→ **About this task**
Starting at the line that contains "8IB7729 Florida License Plate", transcribe each line through the end of the material below, exactly and nothing else, leaving out the pictures.

<<<<

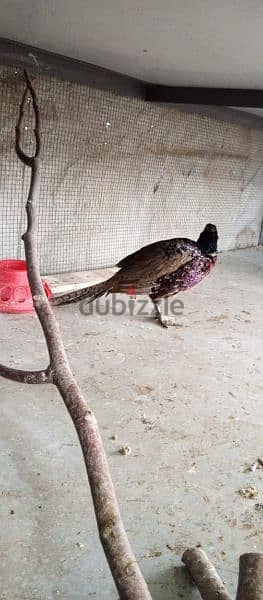 White  & Ring Neck Pheasant              ( فيزون (أناتي وجواز 7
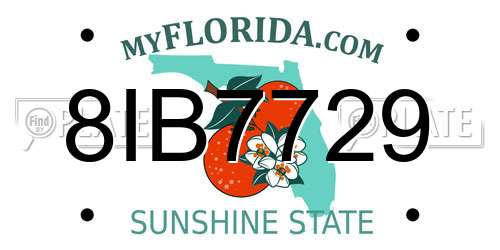8IB7729 Florida License Plate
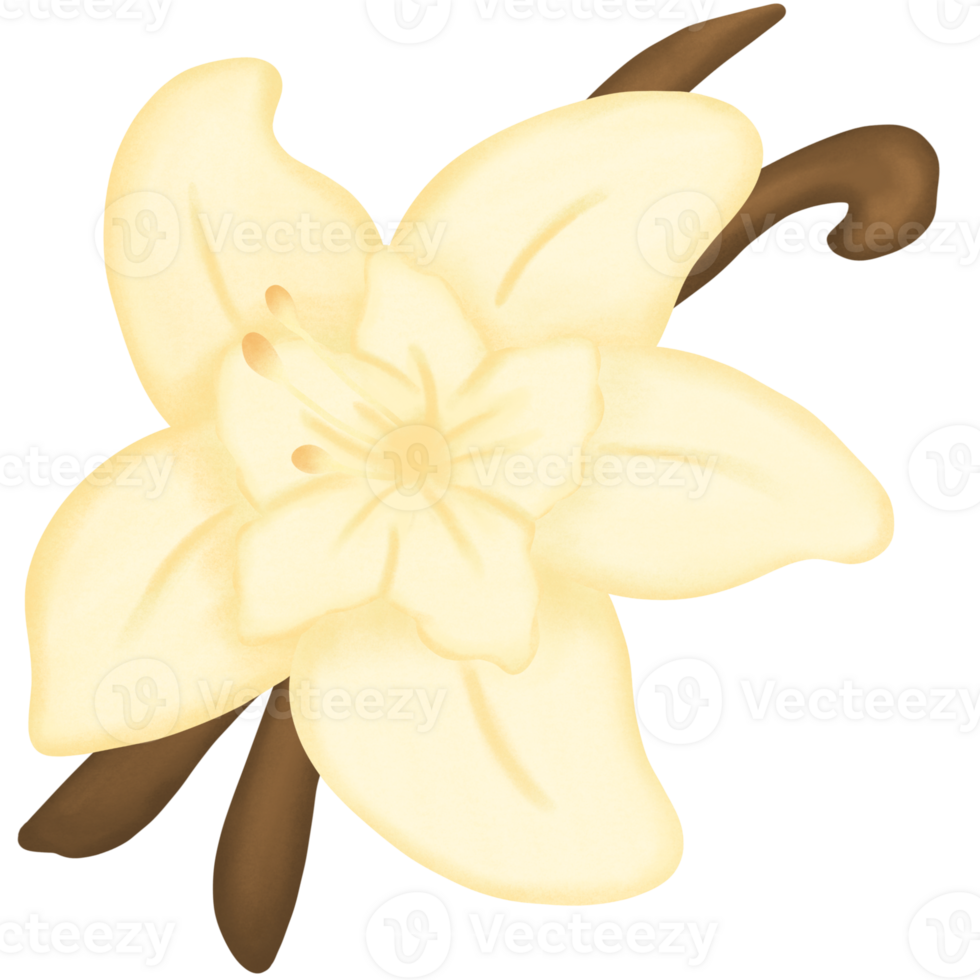 Vanilla flower with vanilla pods png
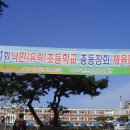 유락 이미지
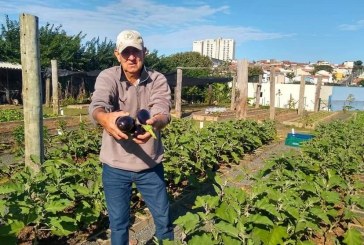 Prefeitura faz doação da 4º colheita de hortaliças sem agrotóxicos produzidas pelo Cresans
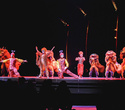 Cirque du Soleil: Dralion в Ледовом дворце (Санкт-Петербург), фото № 119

>>>>

→ **Answer to this task**
8IB7729 Florida License Plate
 Vanilla flower with vanilla pods png
 유락 이미지
 Prefeitura faz doação da 4º colheita de hortaliças sem agrotóxicos produzidas pelo Cresans
 Cirque du Soleil: Dralion в Ледовом дворце (Санкт-Петербург), фото № 119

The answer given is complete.